Pepperboxes?

You nitpickers have made me sorry I posted the photos of my little Sharps pistol.

Notice I did not say either pepperbox or derringer.

I hope somebody at least looked at the two videos I posted because they were full of all kinds of interesting information about pepperboxes.

Replicas of my little Sharps pistol were imported by Navy Arms at one point, however they were chambered for 22 Long Rifle, not 22 Short like mine is.
 
"pepperbox in which the barrels didn't revolve."
Think about it.
Technically, pepperbox barrels revolve- just like turning a pepper mill. That's why they are called pepperboxes.
 
Technically, pepperbox barrels revolve- just like turning a pepper mill. That's why they are called pepperboxes
Most do, but some do not.

Flayderman's guide is but one of many authoritative sources that have been describing the Sharps and Sharp & Hankins pistols as a "pepperboxes" for many years.
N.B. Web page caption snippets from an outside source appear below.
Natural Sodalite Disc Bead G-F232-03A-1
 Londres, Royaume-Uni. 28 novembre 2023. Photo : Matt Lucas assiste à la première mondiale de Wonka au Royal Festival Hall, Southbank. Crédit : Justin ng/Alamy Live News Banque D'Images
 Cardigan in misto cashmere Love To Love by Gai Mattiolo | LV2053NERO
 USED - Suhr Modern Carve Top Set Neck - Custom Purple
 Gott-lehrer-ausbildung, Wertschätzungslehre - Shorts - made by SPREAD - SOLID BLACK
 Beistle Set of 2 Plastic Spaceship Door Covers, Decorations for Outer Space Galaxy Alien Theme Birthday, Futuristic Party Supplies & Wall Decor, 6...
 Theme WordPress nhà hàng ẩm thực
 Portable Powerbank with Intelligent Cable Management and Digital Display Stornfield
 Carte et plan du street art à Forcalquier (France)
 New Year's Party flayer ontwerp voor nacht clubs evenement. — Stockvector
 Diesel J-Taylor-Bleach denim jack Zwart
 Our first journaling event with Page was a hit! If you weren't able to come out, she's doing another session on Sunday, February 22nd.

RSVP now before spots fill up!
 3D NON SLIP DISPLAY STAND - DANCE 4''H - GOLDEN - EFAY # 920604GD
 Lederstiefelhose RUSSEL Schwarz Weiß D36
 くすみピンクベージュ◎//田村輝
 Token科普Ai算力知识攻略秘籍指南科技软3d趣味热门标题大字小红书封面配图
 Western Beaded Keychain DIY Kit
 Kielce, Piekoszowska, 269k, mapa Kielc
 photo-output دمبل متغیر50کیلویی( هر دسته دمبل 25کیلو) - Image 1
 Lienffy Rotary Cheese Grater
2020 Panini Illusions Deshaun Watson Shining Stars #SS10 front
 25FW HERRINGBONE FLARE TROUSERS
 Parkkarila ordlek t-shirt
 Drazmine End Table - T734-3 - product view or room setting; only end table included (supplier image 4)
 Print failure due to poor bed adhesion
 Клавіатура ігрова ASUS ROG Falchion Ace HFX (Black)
The Remington Eliot pistol was similarly described, and its barrels did not revolve.

Norm Flayderman acknowledges that there is controversy about the subject, and he characterizes those who insist the pepperbox barrels must rotate as "hard liners".

The multi-barrelled pistols with revolving barrels predators the pepper milll by centuries. No one seems to know just how the pistol became to be so called, but in the early 1960s, Mark Twain wrote this:

"He wore in his belt an old original "Allen" revolver, such as irreverent people called a 'pepper-box'. "​

The pepper mill was invented by Peugeot in 1874.

Before that, pepper was ground in the kitchen in a mortar and pestle, and put on the table in a pepper box that required a spoon. Then, still some centuries before Peugeot's invention, pepper dispensers with multiple holes replaced the open boxes.

Regardless, the very common, long use, by authoritative sources, of the term "pepperbox" to describe the Sharps should establish it as a proper term.